Segment Start: Records for this exercise

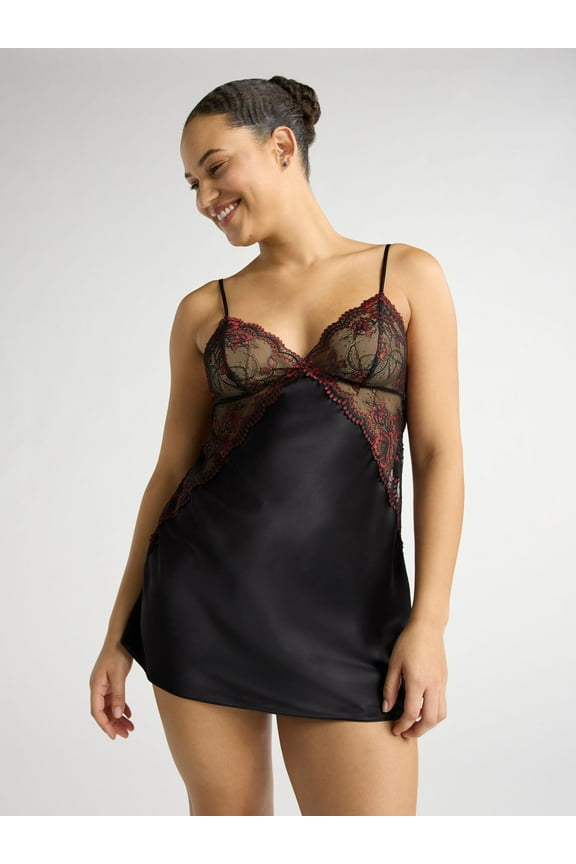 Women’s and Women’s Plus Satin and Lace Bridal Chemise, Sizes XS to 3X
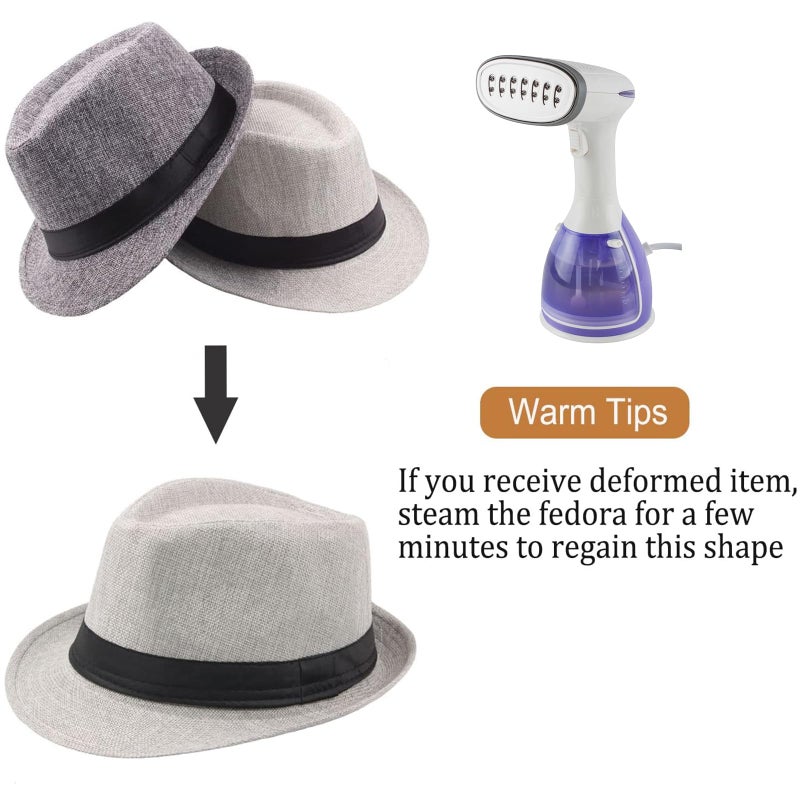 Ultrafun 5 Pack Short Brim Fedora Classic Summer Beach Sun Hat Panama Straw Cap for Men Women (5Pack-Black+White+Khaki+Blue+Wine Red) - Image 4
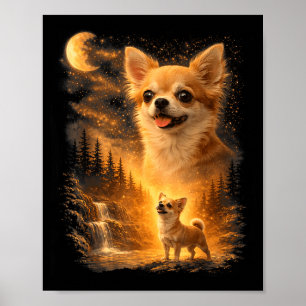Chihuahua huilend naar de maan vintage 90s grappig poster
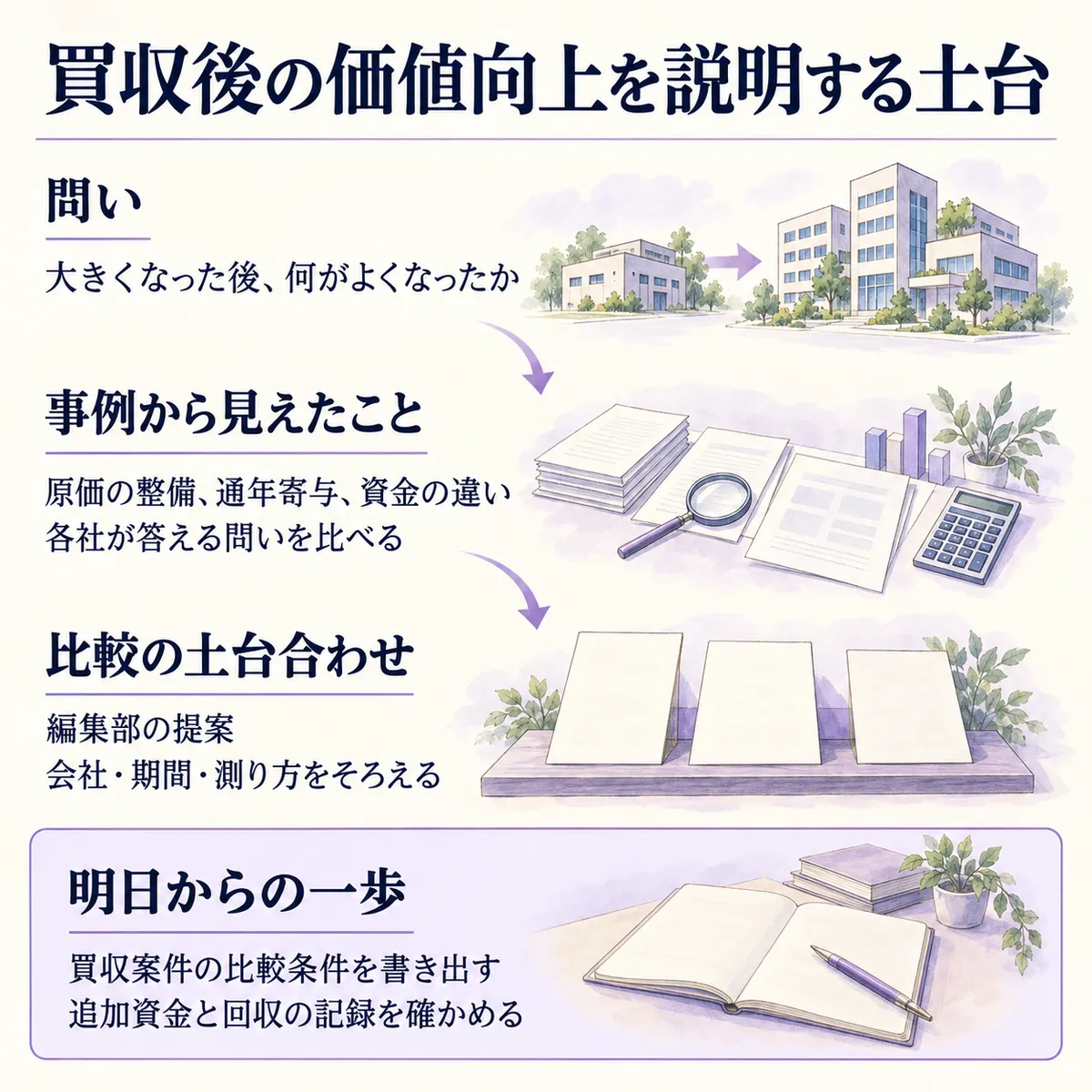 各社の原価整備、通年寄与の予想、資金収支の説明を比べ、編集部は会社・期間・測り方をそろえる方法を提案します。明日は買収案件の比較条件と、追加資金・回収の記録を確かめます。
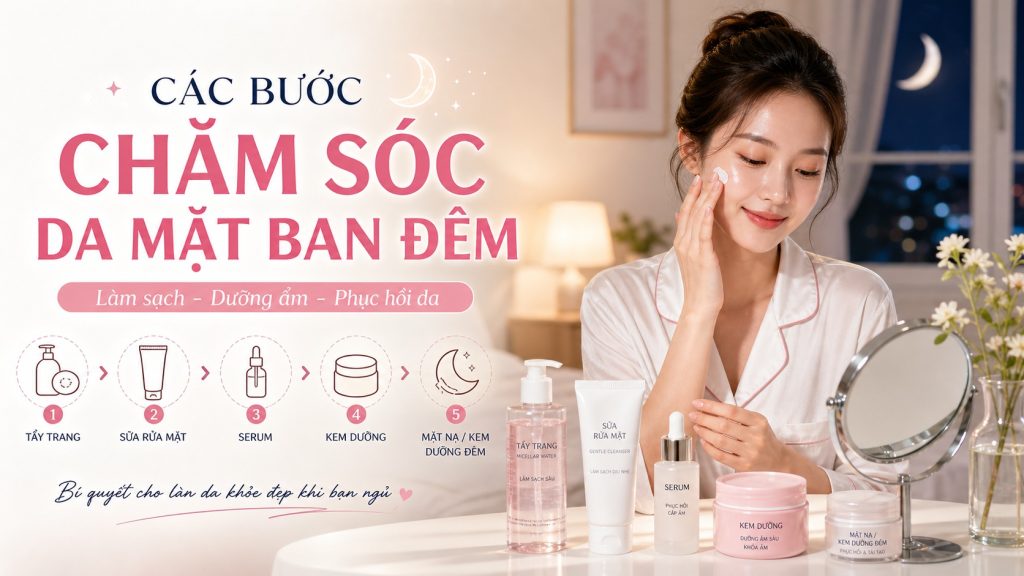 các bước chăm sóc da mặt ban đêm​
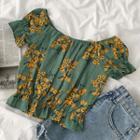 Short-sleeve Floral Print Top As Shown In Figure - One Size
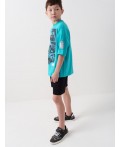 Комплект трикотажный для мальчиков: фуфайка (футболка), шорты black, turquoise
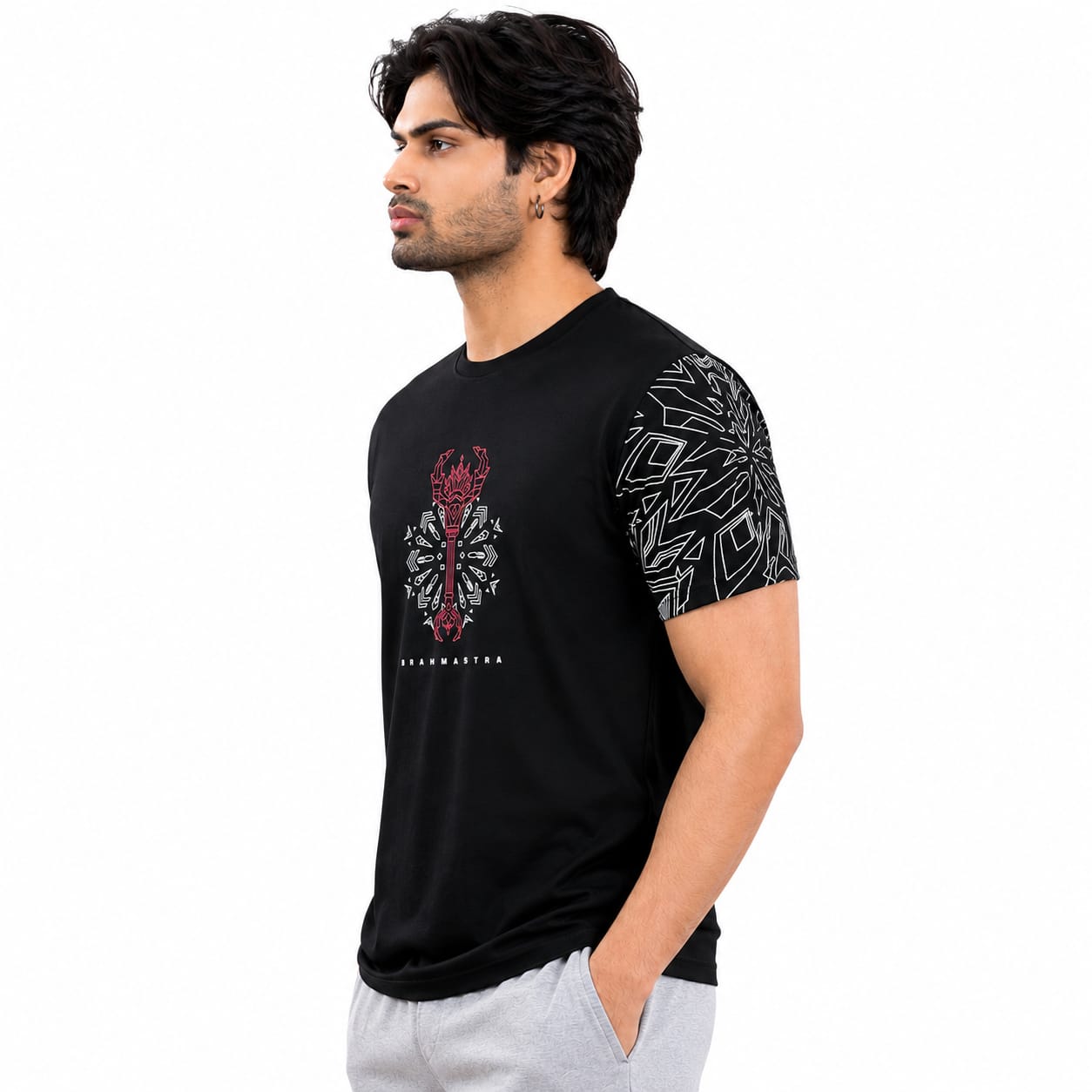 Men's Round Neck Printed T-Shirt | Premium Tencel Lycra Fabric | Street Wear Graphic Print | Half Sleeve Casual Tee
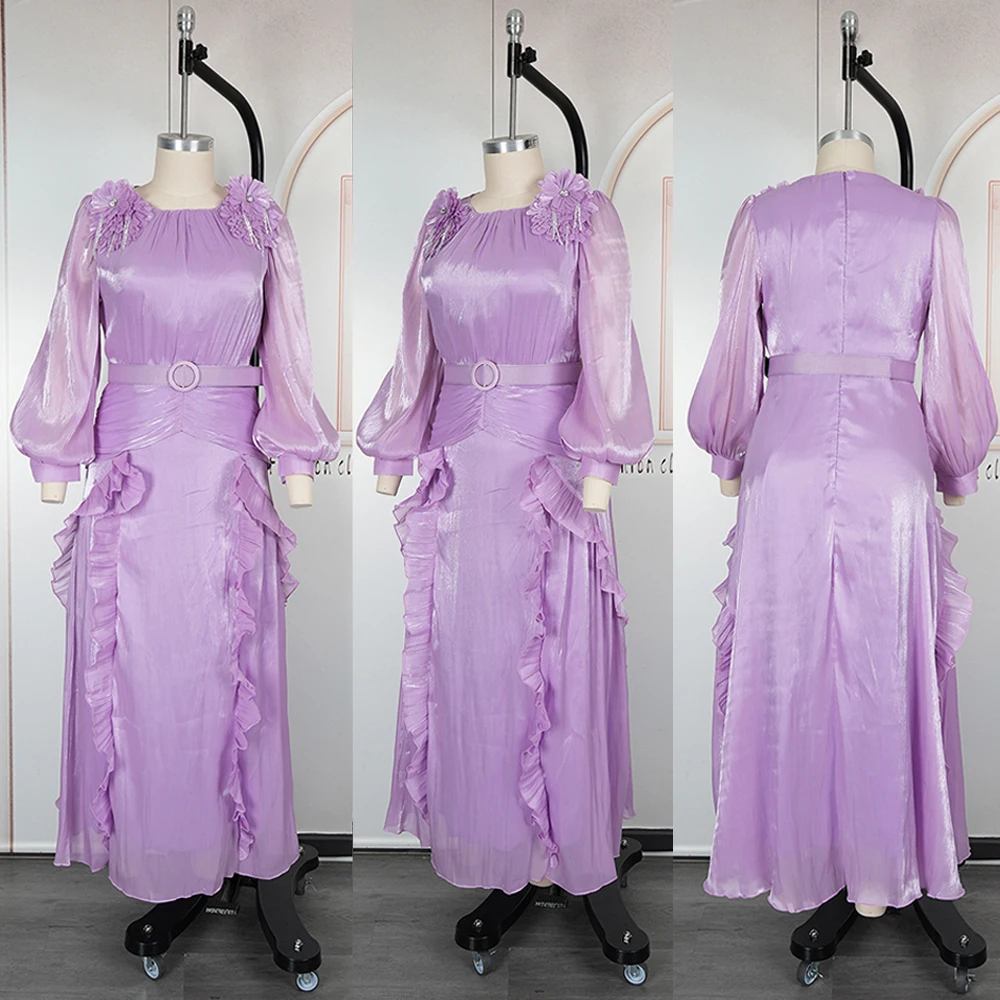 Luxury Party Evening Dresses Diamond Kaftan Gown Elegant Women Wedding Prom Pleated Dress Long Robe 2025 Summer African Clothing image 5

Segment End: Records for this exercise

What this task involves: Pictures are to be omitted; otherwise, every line from the first line of the listing through the line containing "Комплект трикотажный для" must be reproduced exactly, both ends included.

Result below:
 Women’s and Women’s Plus Satin and Lace Bridal Chemise, Sizes XS to 3X
 Ultrafun 5 Pack Short Brim Fedora Classic Summer Beach Sun Hat Panama Straw Cap for Men Women (5Pack-Black+White+Khaki+Blue+Wine Red) - Image 4
Chihuahua huilend naar de maan vintage 90s grappig poster
 各社の原価整備、通年寄与の予想、資金収支の説明を比べ、編集部は会社・期間・測り方をそろえる方法を提案します。明日は買収案件の比較条件と、追加資金・回収の記録を確かめます。
 các bước chăm sóc da mặt ban đêm​
 Short-sleeve Floral Print Top As Shown In Figure - One Size
 Комплект трикотажный для мальчиков: фуфайка (футболка), шорты black, turquoise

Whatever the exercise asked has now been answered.